Model(ing) Privacy: Empirical Approaches to Privacy Law and Governance

INTRODUCTION

“The makers of our Constitution . . . sought to protect Americans in their beliefs, their thoughts, their emotions and their sensations. They conferred, as against the Government, the right to be let alone – the most comprehensive of rights, and the right most valued by civilized men.”

– Justice Louis Brandeis, dissenting, Olmstead v. United States

“Your user agreement sucks.”

Senator John Kennedy to Mark Zuckerberg, Senate Judiciary Hearing on Facebook, Social Media, Privacy, and the Use and Abuse of Data

People care about privacy for different reasons, and to differing extents. As the volume of data sets about each of us continues to proliferate, and the uses of that information continue to evolve, gauging individual privacy expectations and broader societal norms has become increasingly challenging. Individuals make privacy decisions that seem to undermine their stated preferences, even as the risks to the fundamental interests linked to privacy, such as equality, autonomy, and intellectual freedom, only continue to grow.
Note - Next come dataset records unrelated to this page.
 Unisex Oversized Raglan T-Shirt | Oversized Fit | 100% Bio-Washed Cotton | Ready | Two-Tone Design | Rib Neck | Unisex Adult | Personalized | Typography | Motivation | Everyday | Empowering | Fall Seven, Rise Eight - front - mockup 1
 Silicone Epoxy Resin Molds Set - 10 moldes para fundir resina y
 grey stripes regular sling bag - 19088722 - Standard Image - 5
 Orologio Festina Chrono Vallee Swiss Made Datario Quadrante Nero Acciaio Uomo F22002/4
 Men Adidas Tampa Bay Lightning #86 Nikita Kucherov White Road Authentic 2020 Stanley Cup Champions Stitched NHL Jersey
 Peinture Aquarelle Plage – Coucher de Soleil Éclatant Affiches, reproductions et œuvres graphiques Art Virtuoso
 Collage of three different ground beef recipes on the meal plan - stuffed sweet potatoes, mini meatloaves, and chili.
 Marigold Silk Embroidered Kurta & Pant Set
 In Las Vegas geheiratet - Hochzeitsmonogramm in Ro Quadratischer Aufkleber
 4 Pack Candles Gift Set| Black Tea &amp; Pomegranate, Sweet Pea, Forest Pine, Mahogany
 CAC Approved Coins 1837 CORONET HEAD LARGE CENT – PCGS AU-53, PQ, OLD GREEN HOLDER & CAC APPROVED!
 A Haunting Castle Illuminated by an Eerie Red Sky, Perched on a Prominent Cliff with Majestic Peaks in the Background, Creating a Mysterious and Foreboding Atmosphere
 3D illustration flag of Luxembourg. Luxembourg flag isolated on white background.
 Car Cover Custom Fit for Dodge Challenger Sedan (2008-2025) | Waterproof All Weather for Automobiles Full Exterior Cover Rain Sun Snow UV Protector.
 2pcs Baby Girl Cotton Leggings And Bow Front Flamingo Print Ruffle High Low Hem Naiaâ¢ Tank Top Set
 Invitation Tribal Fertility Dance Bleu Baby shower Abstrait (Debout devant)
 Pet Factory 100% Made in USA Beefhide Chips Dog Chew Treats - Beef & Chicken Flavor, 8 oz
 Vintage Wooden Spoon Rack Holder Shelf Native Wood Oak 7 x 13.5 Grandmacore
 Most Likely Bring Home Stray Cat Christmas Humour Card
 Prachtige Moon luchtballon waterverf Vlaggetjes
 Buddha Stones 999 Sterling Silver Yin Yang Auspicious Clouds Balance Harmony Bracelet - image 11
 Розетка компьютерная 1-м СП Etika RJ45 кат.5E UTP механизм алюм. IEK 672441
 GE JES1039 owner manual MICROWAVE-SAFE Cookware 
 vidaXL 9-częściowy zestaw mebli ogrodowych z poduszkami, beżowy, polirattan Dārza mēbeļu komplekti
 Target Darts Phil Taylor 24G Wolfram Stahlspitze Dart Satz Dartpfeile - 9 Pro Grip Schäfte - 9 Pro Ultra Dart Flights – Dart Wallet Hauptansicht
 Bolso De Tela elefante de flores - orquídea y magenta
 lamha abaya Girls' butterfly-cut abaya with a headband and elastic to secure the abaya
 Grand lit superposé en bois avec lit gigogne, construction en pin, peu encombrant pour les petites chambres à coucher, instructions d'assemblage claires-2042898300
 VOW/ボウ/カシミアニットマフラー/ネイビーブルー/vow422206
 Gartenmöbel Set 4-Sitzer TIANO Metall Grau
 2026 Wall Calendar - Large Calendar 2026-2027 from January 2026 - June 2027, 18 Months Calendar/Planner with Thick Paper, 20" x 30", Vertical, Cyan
Largely to blame for these apparent contradictions are the ineffective standards that determine how privacy decision-making, expectations, and preferences are measured. The regulatory regime governing consumer privacy and the Fourth Amendment’s protections for privacy from the government both rest on the idea that judges and policymakers can discern individual and collective privacy norms, when in reality, they are rarely able to do so accurately.

Consumer privacy law in the United States is molded around the idea of privacy as an economic good, where the degree of legal protection a person receives depends on her control over her information through notice and choice mechanisms, like app permissions or privacy policies. The notice and choice model relies on the idea that informing consumers in convoluted boilerplate of how their data is collected and used empowers them to make privacy decisions that reflect their preferences. Under this thinking, any failure to subsequently make privacy-protective choices indicates either apathy or a deliberate declaration of a contrary preference. In fact, it is exceedingly difficult for individuals to make choices that produce the privacy outcomes they prefer or expect due to cognitive and structural limitations. Phenomena like decision fatigue, learned helplessness, and lack of information about collection and tracking all impede individuals from making the privacy choices that correspond to what they hope (or believe) will happen to their information.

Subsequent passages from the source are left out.